Generating that level of light makes personal protection extremely important. Laser light exposure could obviously be extremely dangerous. Radiation created by the system, which was developed with help from the French manufacturer Thales, is equally dangerous.

Berkeley Lab experts also turned to outside experts for safety. BELLA’s personnel protection system (PPS) was designed and implemented by Deterministic Systems (DSi) of Walnut Creek, California.

Not surprisingly, that was a safe selection. DSi has a proven track record at the facility in Berkeley, California. DSi implemented a Siemens S7-319F-based radiation personnel protection system in what’s known as Cave A.

That system prevented access to the room when harmful radiation could be generated. It also disabled the source of radiation when the room had not been checked for the absence of people or some failure of the system allowed it to be accessed.

Building upon proven safety technology provides many benefits. One important factor is that personnel already know how to operate and maintain the system. Another is that it’s fairly straightforward to implement.

Bella_automation equipment“The ability to send safety information and control from one room to another using only Ethernet and a set of power wires made the design clean and easily modifiable during the design phase,” says David Di Giorgio, DSi’s lead engineer on the Cave A and BELLA projects. “In the future, this will also allow LBNL to modify the system to continue to fulfill their needs as the needs of the experiments change.”

Control and monitoring of BELLA’s safety system is achieved with a single Siemens S7-319F safety PLC and four remote safety IO racks located in panels residing in the four rooms that comprise BELLA.

Four Siemens touchscreen HMIs are located in the rooms to allow staff to control and monitor the system. One HMI is used for radiation control, functions similarly to the one HMI used for Cave A’s radiation control. The remaining three HMIs are located in the three rooms that comprise BELLA’s three laser safety zones.

Each HMI allows a user to monitor the entire system but, for safety’s sake, only allows the user to control devices located in the laser safety zone the HMI is located in. Indicators on the HMI show the status of all the safety devices in the system. They show not only if the device is on or off, but if it has failed electrically. Separate local and global active alarm lists of both custom safety alarms and automatically generated alarms indicate where the problem is in the system. Global and local alarm logs allow users to not only view the history of alarms but allow notes about major mode changes in the system to be recorded for evaluation.

Although all 4 HMIs function differently, many features are the same on all of them. All four were all coded with a single program that simply requires a different integer to be set before downloading the program to identify which HMI it is and have all the buttons respond accordingly.

The Cave A system was greatly revamped to accommodate the great increase in the number of devices controlled for BELLA as well as a wider variety of devices. BELLA has 14 access doors used to keep people out of areas that they can’t safely enter. Thirteen of these doors are used for laser safety.

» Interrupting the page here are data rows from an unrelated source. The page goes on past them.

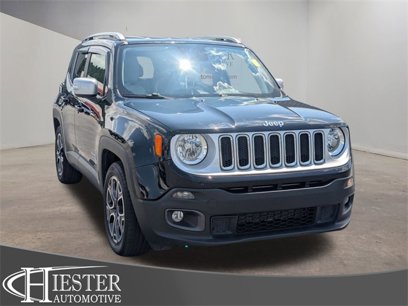 Used 2018 Jeep Renegade Limited w/ UConnect 8.4 Nav Group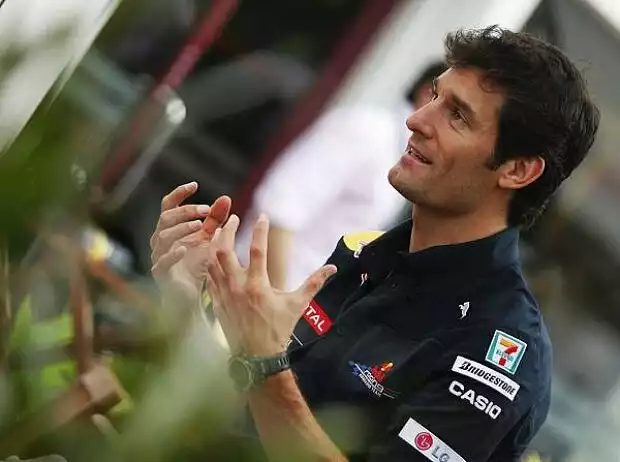 Mark Webber Titel-Bild zur News: Mark Webber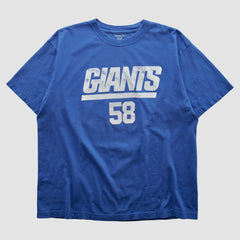 New York Giants Reebok 2000s T-shirt | NFL Sale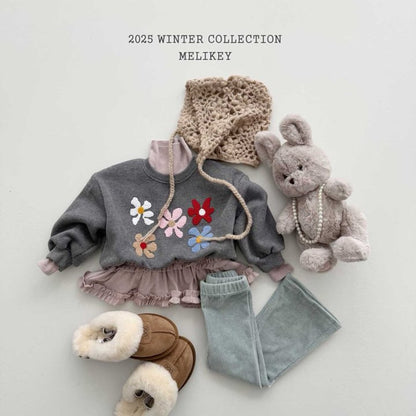 [PRE-ORDER] Tu Tu Frill Turtleneck T-Shirts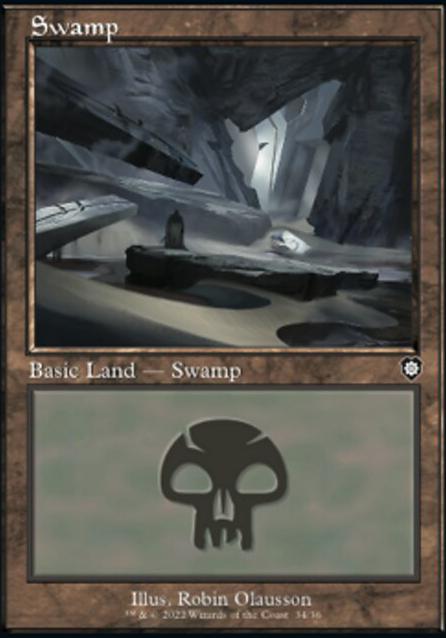 Swamp feature for Phyrexian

Based on the access privileges of a user trying to enter a door, the system allows door with magnetic locks to be unlocked when other doors in the system are closed, producing a man trap so laser light can’t exit from any BELLA Laser Zones enabled for laser light production.

Other doors without mag locks are only monitored. If they are detected open when the Laser Zone they manage is enabled, the PPS will safety shut the laser system down. Shutting the lasers down is achieved through control of 18 laser shutters, three laser beam dumps, and 17 laser power supply enable circuits.

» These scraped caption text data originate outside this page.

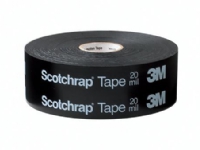 3M Scotchrap vejrbestandig korrosionsbeskyttelsestape 50 sort 50mmx30,5mx0,25mm von 3M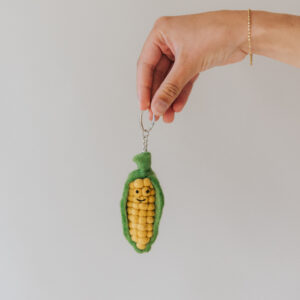 Sleutelhanger mais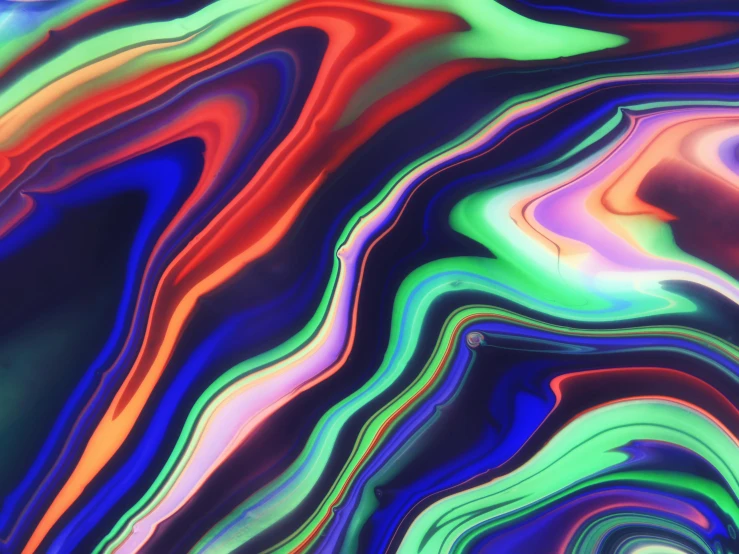 an abstract background with a very wavy design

Two large window shutters also block two large picture windows which allow viewing the main laser bay while the laser is not active. If the system detects that either of these is not closed, it safely shuts the lasers down.

One access door leads to the Experimental Cave. This is the only zone where radiations should be produced. The PPS lets personnel into BELLA’s Experimental Cave to investigate the room before allowing a combination of radiation-generating devices to be enabled. Once the PPS ensures that the area has been fully checked, the door to the Experimental Cave is locked and multiple flashing lights and buzzers warn people that the system will soon be enabled for High Energy Mode. After a period of time, High Energy mode is enabled.

Whether High Energy mode is enabled or not, two radiation monitors located outside of the Experimental Cave will shut down the main laser shutter if radiation above a certain level is detected outside the cave.

Lasers always need some protection for safety, and that requirement soars when you’ve got the world’s most powerful laser. The personnel protection system ensures that BELLA can help researchers push science without endangering themselves or others. DSi has a proven track record for safety, based on Siemens automation solutions. The highly specialized safety system for BELLA will help scientists focus on research without worying about safety.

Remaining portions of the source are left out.